Directions for this task
The material below is to be copied exactly from the line with "Let's take a" up to and including the line with "First we have", with nothing else kept and no pictures.

Information shown
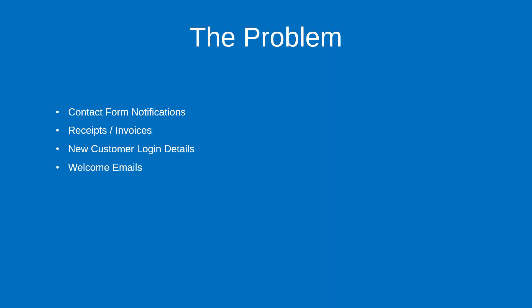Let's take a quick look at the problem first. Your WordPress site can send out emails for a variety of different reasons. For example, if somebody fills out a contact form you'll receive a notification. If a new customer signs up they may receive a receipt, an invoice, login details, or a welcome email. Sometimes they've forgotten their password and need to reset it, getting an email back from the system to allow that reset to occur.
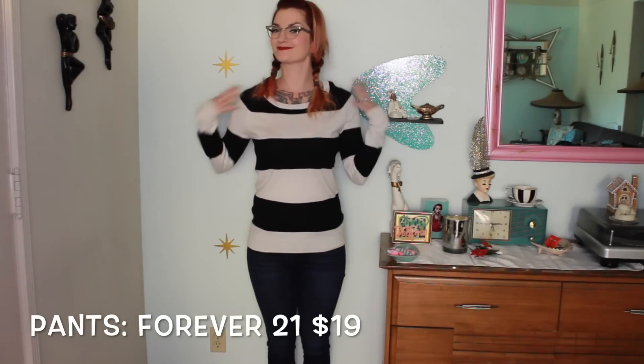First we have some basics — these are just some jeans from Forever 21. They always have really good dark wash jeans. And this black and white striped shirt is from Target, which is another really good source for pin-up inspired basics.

---

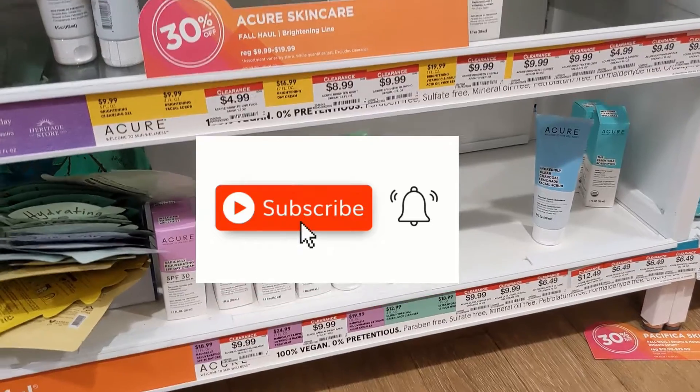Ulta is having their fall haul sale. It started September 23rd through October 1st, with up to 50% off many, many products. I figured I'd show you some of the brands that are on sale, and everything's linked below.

Result below
Let's take a quick look at the problem first. Your WordPress site can send out emails for a variety of different reasons. For example, if somebody fills out a contact form you'll receive a notification. If a new customer signs up they may receive a receipt, an invoice, login details, or a welcome email. Sometimes they've forgotten their password and need to reset it, getting an email back from the system to allow that reset to occur.
First we have some basics — these are just some jeans from Forever 21. They always have really good dark wash jeans. And this black and white striped shirt is from Target, which is another really good source for pin-up inspired basics.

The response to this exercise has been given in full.